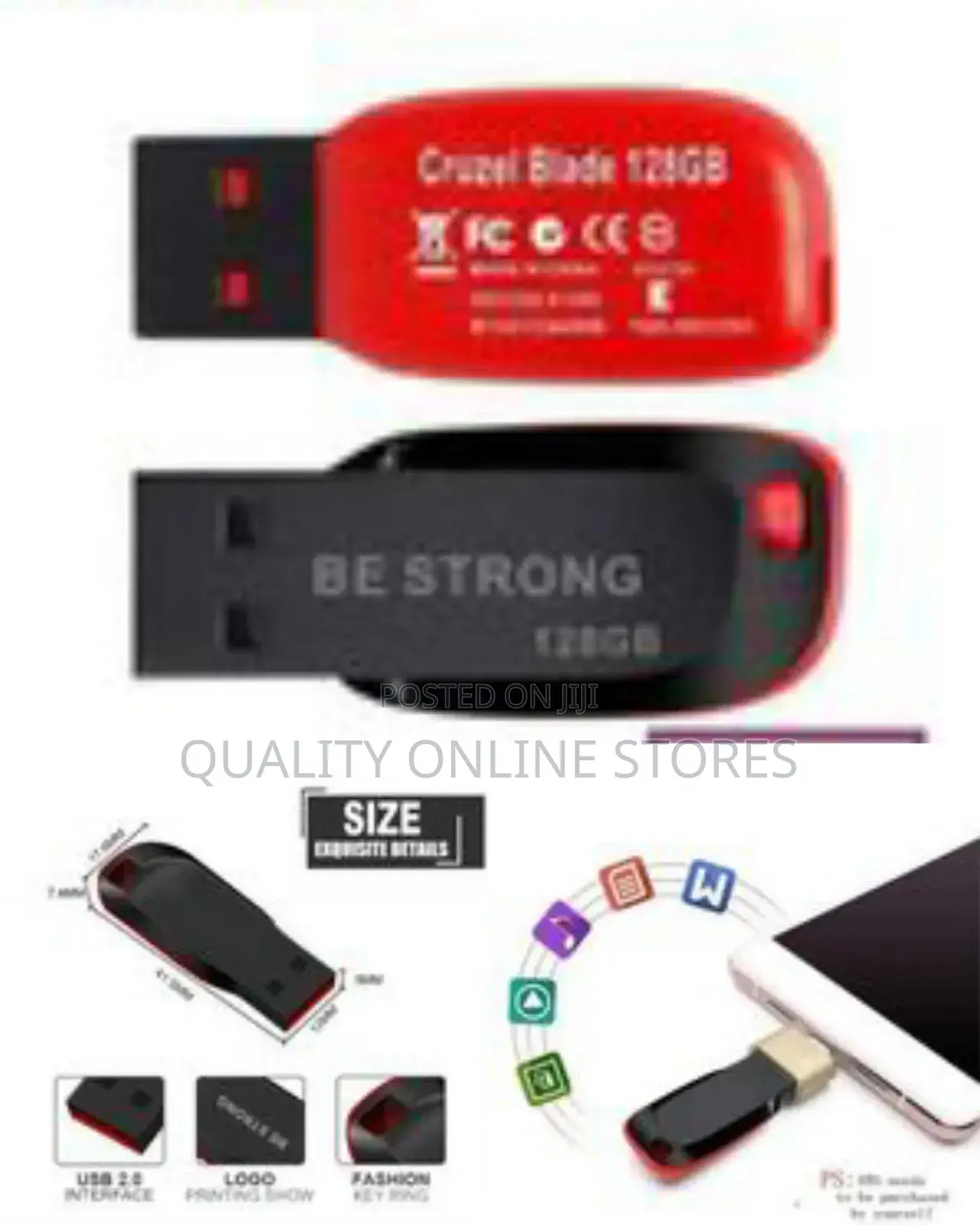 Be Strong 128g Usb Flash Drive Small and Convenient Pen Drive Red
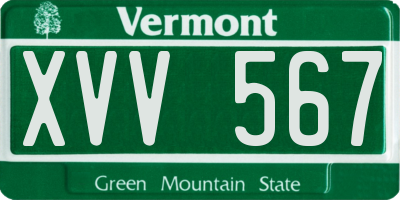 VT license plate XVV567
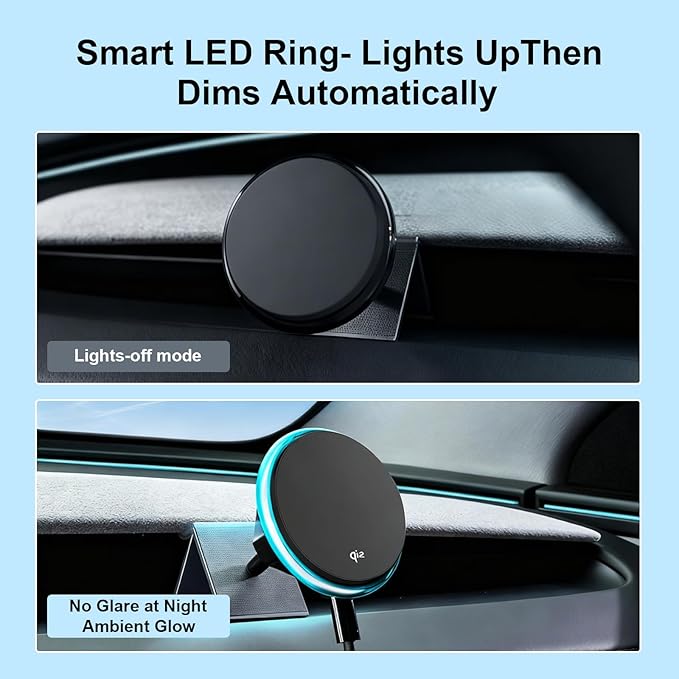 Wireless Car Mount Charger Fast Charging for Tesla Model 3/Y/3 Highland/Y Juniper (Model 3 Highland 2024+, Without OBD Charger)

========================================================================

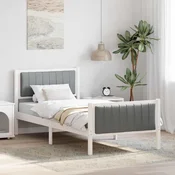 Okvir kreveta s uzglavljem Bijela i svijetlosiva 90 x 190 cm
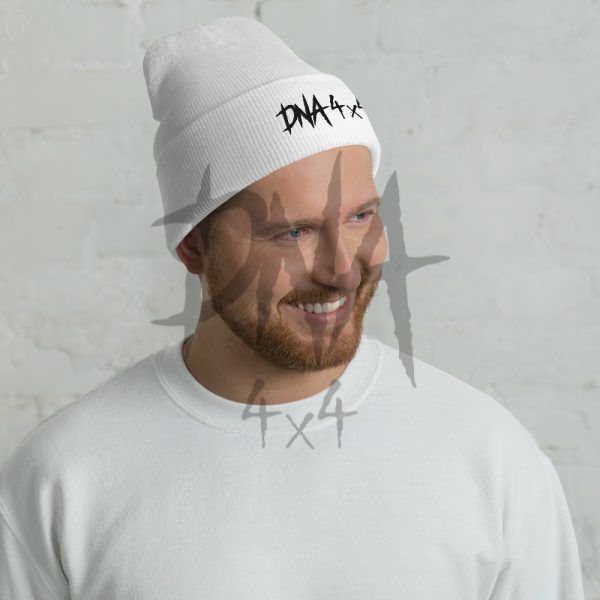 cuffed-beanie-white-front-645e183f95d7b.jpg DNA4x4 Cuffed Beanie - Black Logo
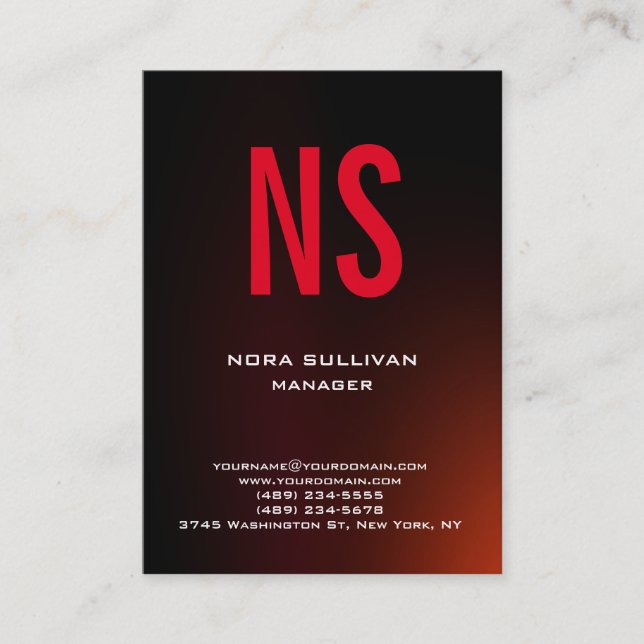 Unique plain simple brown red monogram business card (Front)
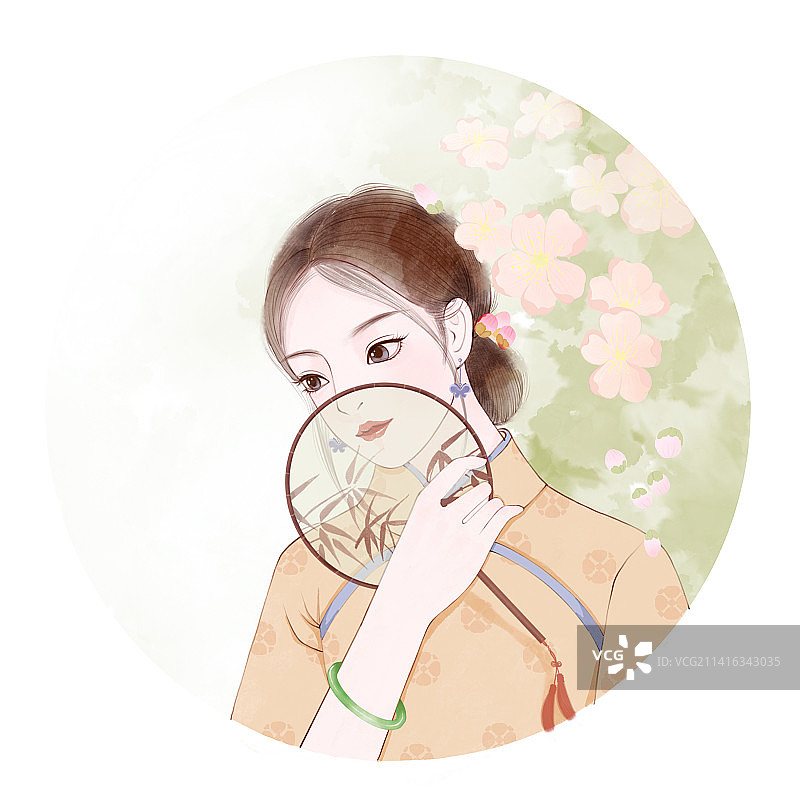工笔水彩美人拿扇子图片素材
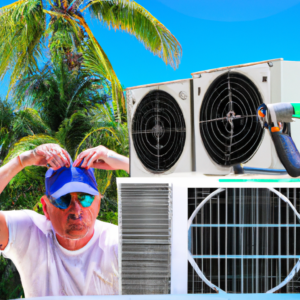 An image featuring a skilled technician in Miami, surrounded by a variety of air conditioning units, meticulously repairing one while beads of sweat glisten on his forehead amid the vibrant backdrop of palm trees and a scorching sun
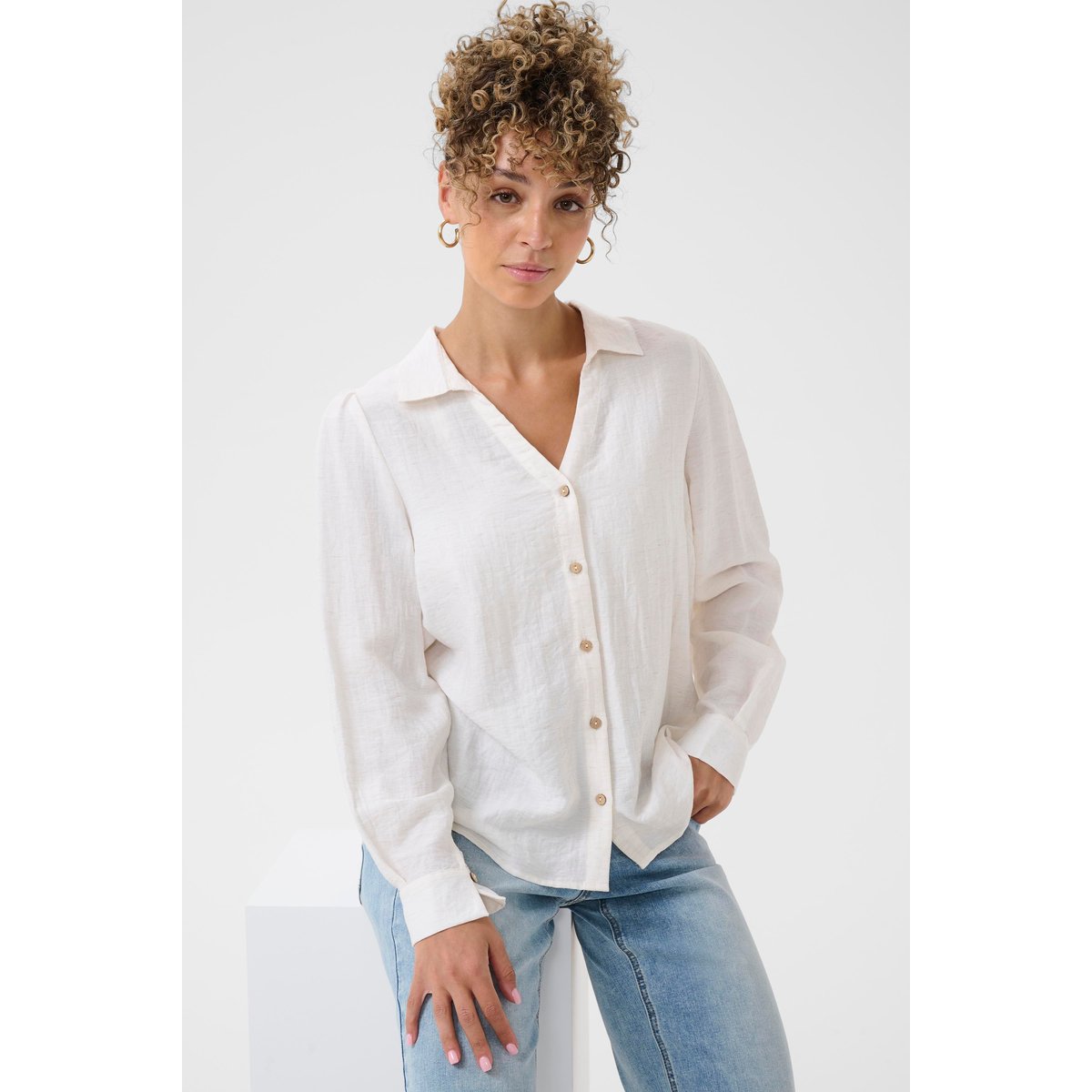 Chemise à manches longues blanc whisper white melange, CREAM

========================================================================

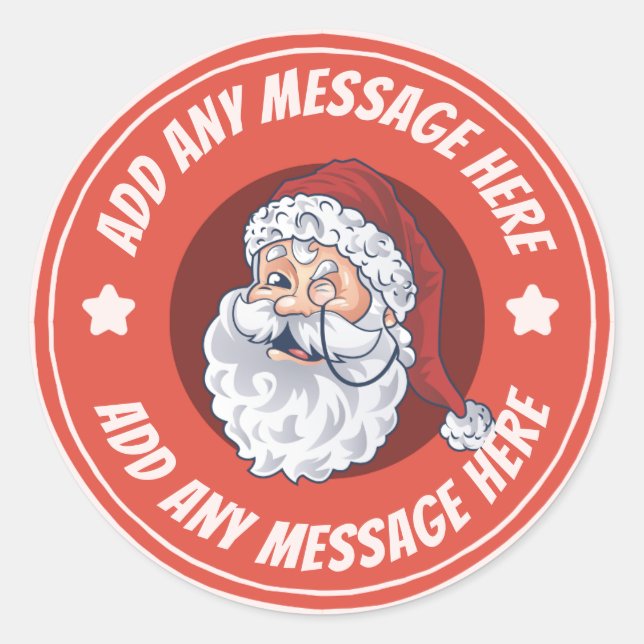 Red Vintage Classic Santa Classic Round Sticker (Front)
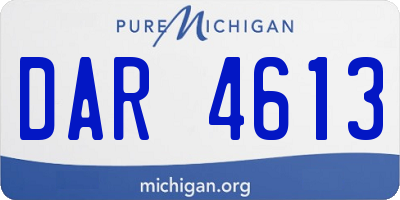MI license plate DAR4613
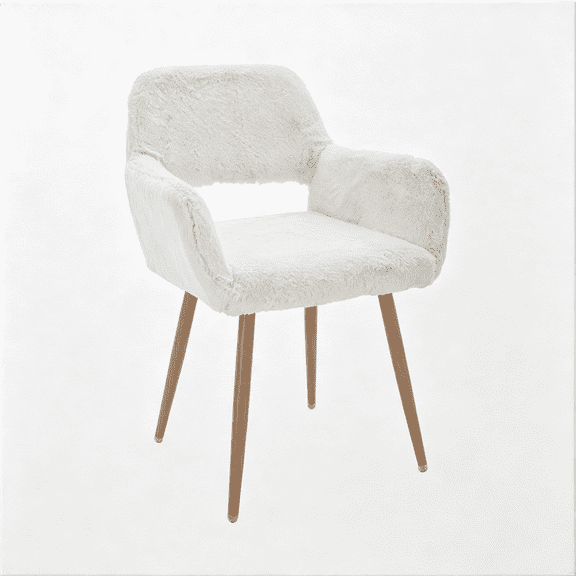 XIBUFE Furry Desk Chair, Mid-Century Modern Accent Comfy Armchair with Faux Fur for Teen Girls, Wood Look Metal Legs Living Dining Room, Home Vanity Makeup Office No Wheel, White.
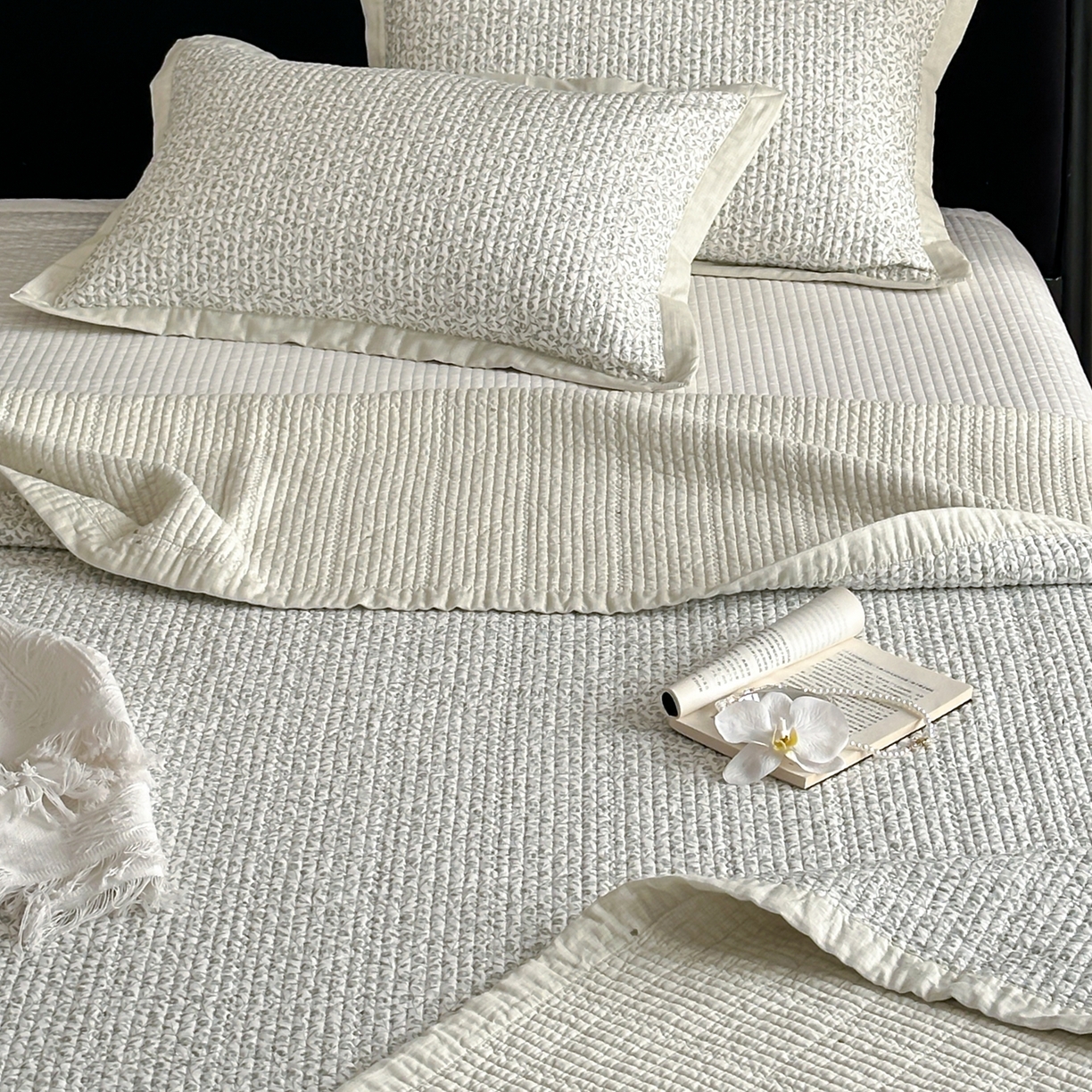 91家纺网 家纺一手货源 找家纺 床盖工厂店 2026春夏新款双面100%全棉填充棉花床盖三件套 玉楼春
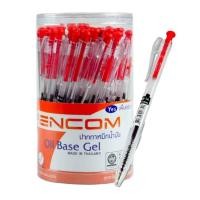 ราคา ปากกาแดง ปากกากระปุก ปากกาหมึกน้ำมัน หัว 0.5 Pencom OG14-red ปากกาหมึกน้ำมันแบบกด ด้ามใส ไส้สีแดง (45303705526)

========================================================================

* Your instructions: Take the material above from the line containing "工笔水彩美人拿扇子图片素材" up to and including the line containing "Chemise à manches" and retype it exactly, without any pictures.

* Answer to this problem:
工笔水彩美人拿扇子图片素材
 An image featuring a skilled technician in Miami, surrounded by a variety of air conditioning units, meticulously repairing one while beads of sweat glisten on his forehead amid the vibrant backdrop of palm trees and a scorching sun
 Chemise à manches longues blanc whisper white melange, CREAM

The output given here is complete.